スクウェア製のRPGにしては珍しく、ストーリーがゲームに乗っかっている構成になっていて、
RPG特有のだらだら感や冗長さが無く、手軽なプレイ感覚が心地良い。

隠しイベントや隠しボスもかなり豊富で、幕末編のようにハイスコアを狙ったり、逆に誰も倒さずに進むという制限プレイなどの
幅の広い遊び方が出来る仕込みが多く、何回も遊ばせる手法を心得ている。

全てのシナリオを終えると、隠しシナリオが出現し、一本のRPGとしてもそれなりのオチを付けており満足出来るようになっている。

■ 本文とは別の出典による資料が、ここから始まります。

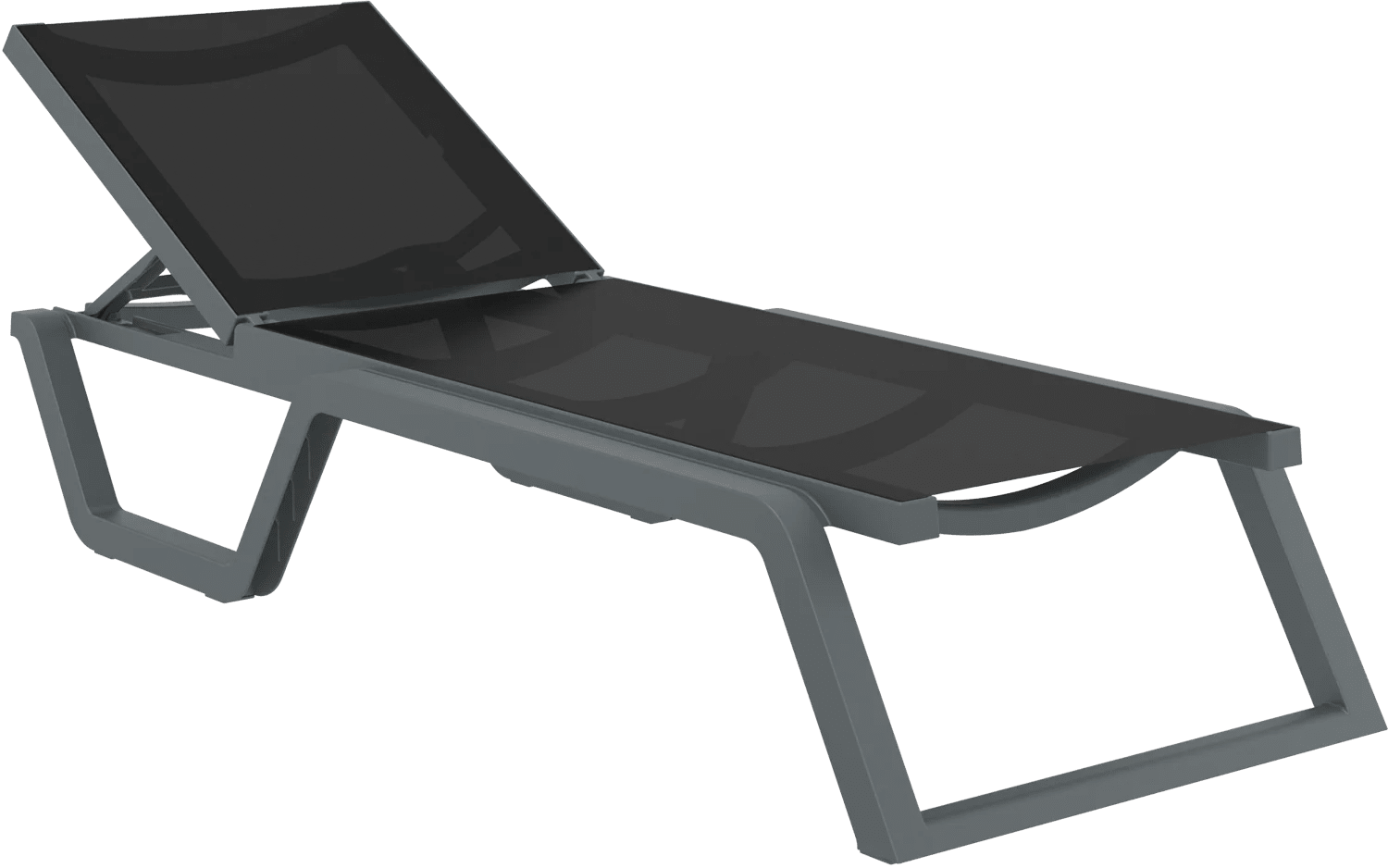 Siesta Rio Sun Lounger Anthracite & Black | Office Furniture Designs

グラフィックがFF6の後と言うこともあり、キャラが一頭身である点などから古くささは否めない。
特に派手な演出があるわけでもなくひたすら地味なのだが、その分細かい部分に相当凝っており、全体の出来としてはかなり良い。
セリフのまとめ方から間の取り方、効果音の鳴らし方一つまで、非常に丁寧に作られていて、
その上で、プレイヤーの心をがっつり掴む演出もしっかり盛り込まれており、好感が持てる。

シナリオごとにマップチップや音楽も使い回さず全く違う物を使って作られていたりと、地味ながら手をかけて作っていることが伺える。

基本的にシンボルエンカウント方式だったり、戦闘回数で敵の強さが変わることがあったり、戦闘終了後HPが全快する辺り、同社のロマンシングサガっぽすぎる気がする。
買い物の概念が無かったり、RPG必須の要素で端折っている箇所を独特な戦闘システムや隠しイベント、ゲーム性の強い内容などで補っている。
結果的に回復などの煩わしくなりがちな部分を省いて、ゲームとしてのテンポをあげ、ゲームにのめりこませることに成功している。

とにかく上質な音楽やストーリーなどで、上手にプレイヤーをノせてくれる素晴らしいRPGと言えよう。

挑戦的な作品でありながら、全てが高いクオリティで作り込まれた大傑作。